Linking cubes are a great resource for teaching ratio! If your child is new to the concept this would be a wonderful starting point. The hands on nature of this activity illustrates the concept in a concrete way to promote understanding.
Teaching Tip: This activity is listed in steps. Follow your child’s lead- he or she may be able to skip a step or may need to stay on a step for a little bit before moving on. There is no time limit on this, you may break it down into smaller parts over the course of a couple of days or it could take just a couple of minutes. Every child is different; teaching faster doesn’t make them learn faster. Honoring their pace is honoring them as learners. Remember, the goal is to help your child understand the concept of ratio.
Show your child two red cubes and three blue cubes in a line together. Tell your child, “The ratio of red cubes to blue cubes is 2 to 3.” Have the child link them together. Lay the linked cubes on the table.
Tell your child that because the ratio of red to blue cubes is 2 to 3, every time you have two red cubes you need three blue cubes. This is because a ratio is a comparison of numbers. The quantity of red cubes and blue cubes have a special relationship. We physically linked them together to remind ourselves that the number of red and blue cubes are “linked” by this relationship.
Take out two more red cubes and line them up underneath the previous red cubes. Ask your child how many blue cubes need to be added to the red cubes to keep the ratio accurate. He or she should say three. Add three blue cubes and have your child link them together.
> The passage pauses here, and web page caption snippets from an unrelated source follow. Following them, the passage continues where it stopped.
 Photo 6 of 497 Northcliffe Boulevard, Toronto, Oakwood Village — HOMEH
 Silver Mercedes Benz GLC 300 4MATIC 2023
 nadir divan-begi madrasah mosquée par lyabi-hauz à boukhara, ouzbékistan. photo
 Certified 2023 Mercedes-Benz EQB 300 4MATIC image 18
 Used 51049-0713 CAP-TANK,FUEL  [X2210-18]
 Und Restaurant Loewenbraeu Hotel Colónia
Take out four more red cubes. Place two red cubes under the previous linkage and two red cubes under the new group of two (see photo). Ask your child how many blue cubes need to be added to the sets to make the same ratio that was initially given (2:3). Your child should add three blue cubes to each set, using six all together.
You should now have eight red cubes and twelve blue cubes. Show your child that even though you have more cubes, you still have the same ratio of red cubes to blue cubes (2:3). For every two red cubes, you have three blue cubes.
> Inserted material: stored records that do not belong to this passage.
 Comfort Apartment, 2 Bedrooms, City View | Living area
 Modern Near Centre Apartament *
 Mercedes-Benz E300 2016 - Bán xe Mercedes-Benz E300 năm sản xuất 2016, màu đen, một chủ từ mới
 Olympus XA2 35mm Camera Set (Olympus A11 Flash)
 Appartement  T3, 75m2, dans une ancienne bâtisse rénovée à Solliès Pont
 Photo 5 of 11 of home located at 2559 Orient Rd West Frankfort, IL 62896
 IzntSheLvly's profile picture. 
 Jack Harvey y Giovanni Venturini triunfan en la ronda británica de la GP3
Ask your child, if he or she had ten red cubes, how many blue cubes would he or she have? If your child noticed the pattern of multiplying each number by the same factor, he or she may quickly respond with the answer “15”. If your child can not answer right away, let him or her take out ten red cubes and arrange them with blue cubes to figure out the solution using the manipulatives.
Continue working with the manipulatives until your child recognizes the pattern.
Once your understand the concept, you can show him or her the three ways we represent a ratio in writing:
- 2 to 3
For extra practice, you can give your child new ratios to build with the blocks, such as 4 green cubes to 1 white cube, or 3 blue to 4 yellow. You can write the new ratios on index cards to practice reading the ratios as well as building them. You can write each ratio in a different form.
Give your child a real life example of using a ratio. For instance, if you were to make the non-newtonian fluid commonly referred to as Oobleck, the ratio of cornstarch to water is important for achieving the right consistency. For every 2 cups of cornstarch, you need 1 cup of water. Therefore, the ratio of cornstarch to water is 2 to 1 (2:1). Ask your child, “What if we wanted to make a lot of Oobleck? If we used 10 cups of cornstarch, how much water would we need to add?” Your child will have to apply his or her understanding of ratio to answer this question!
If Oobleck doesn’t work for you, you can use this example with many different recipes. Are you cooking rice or quinoa? The ratio of the food to water is important! Your child can read the recipe and double it using the same ratio of rice to water or quinoa to water.
Looking for extra practice?
Once your child understands the concept, he or she can practice a couple of problems using paper and pencil. This is helpful for your child to learn how a ratio is represented in writing or is used in a math problem such as the cornstarch and water ratio used in the real life math scenario.
Resources found here:
Math Drill worksheet on equivalent ratios: here
Edhelper worksheets: here
Math- Salamanders’ ratio word problems: here
My two cents on using worksheets– Many people are firmly against using worksheets. If you don’t believe in using worksheets, you can easily ignore this very last part. I personally believe moderation is always key. Worksheets are not inherently bad. They are best used to practice a skill that a student already understands conceptually. It’s not the best teaching tool, but can be a good “remembering tool”, providing reinforcement of already known skills. Worksheets can allow a child to master a skill that may otherwise be forgotten due to lack of practice.